Gandrel pisze:
Już kiedyś pisałem o Bebopie, więc się powtarzać nie będę. Zresztą avatar mówi sam za siebie. ;)
Mój awatar też chyba mówi sam za siebie ;-)
Gandrel pisze:
Serial mam z Hypera. "Knockin' on heaven's door" też udało mi się zdobyć, ale pewnie kupię sobie jeszcze DVD.
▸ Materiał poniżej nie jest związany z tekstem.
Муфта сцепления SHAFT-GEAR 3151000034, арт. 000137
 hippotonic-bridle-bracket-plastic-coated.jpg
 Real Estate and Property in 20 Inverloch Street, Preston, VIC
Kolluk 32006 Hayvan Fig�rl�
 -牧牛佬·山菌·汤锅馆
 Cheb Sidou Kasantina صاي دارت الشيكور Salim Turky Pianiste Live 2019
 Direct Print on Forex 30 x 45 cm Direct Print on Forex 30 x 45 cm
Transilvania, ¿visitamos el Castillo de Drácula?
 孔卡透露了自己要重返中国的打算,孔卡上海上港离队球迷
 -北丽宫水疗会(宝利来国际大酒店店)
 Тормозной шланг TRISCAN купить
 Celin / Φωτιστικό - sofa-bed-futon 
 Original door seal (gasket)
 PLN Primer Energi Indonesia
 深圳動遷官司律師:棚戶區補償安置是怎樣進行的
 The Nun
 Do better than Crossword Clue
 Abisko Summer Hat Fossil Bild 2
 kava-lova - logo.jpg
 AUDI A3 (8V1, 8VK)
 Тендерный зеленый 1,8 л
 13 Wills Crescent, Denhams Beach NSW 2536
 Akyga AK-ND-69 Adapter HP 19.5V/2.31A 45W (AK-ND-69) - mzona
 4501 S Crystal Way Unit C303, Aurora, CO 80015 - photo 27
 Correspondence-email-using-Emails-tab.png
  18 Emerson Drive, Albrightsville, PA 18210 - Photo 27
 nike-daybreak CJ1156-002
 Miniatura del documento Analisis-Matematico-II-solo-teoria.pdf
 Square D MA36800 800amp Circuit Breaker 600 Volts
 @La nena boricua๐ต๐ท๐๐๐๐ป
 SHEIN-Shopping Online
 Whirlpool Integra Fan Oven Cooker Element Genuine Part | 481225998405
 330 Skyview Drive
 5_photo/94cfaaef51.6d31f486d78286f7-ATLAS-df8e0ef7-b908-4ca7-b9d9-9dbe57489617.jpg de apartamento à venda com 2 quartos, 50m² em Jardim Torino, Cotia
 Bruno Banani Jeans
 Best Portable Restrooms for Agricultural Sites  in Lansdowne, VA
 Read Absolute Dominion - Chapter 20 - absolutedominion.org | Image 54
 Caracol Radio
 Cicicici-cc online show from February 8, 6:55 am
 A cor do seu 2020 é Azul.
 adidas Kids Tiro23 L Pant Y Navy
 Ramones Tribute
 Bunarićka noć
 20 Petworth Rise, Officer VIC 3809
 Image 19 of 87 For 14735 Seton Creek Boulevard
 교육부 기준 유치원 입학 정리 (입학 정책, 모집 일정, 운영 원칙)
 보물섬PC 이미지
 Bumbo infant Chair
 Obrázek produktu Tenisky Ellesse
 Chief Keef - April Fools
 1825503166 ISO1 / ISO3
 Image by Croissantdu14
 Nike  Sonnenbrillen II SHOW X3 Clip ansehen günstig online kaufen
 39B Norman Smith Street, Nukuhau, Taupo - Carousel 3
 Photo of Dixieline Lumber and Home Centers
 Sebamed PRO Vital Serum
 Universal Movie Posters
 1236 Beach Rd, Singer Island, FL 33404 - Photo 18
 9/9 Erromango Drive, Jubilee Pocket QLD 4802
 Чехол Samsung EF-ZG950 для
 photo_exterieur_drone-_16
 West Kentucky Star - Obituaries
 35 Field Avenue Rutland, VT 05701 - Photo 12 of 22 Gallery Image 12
Ja mam wszystkie 26 odcinków (plus bonusowy "Session XX") ripowane z DVD - po trzy odcinki na płytę, razem 9 CD. Pełnometrażowy "Knockin' On Heaven's Door" też mam, ale niestety już gorszej jakości - muszę się rozejrzeć za dwupłytowym DVD-ripem.
Gandrel pisze:
A ja nie mam swoich ulubionych. Co kawałek to lepszy. Płyta zaczyna się od "Tank", ale po nim jest "Rush". A za nimi "Spokey Dokey" (niesamowity utwór na harmonijkę ustną i gitarę) i trochę później "Digging my potato". A gdy dołoże do tego jeszcze "Words that we couldn't say", "Go Go Cactus Man", "Ave Maria", "LIVE in Baghdad", "Rain" to się poddaję i stwierdza, że cała ścieżka dźwiękowa jest moja ulubiona. :)
Fakt, trzypłytowy soundtrack do Cowboya Bebopa jest kapitalny - Yoko Kanno postarała się wyjątkowo. Ja też lubię prawie wszystkie kawałki, ale najbardziej chyba "Call Me, Call Me" - idealnie pasuje do sceny pod koniec "Hard Luck Woman", gdy odchodzi Ed.
Gandrel pisze:
Czy ktoś z miłośników anime widział serial FLCL (aka FuriKuri)? Jeżeli nie to polecam. 6 odcinków, których nigdy nie zapomnicie. ;)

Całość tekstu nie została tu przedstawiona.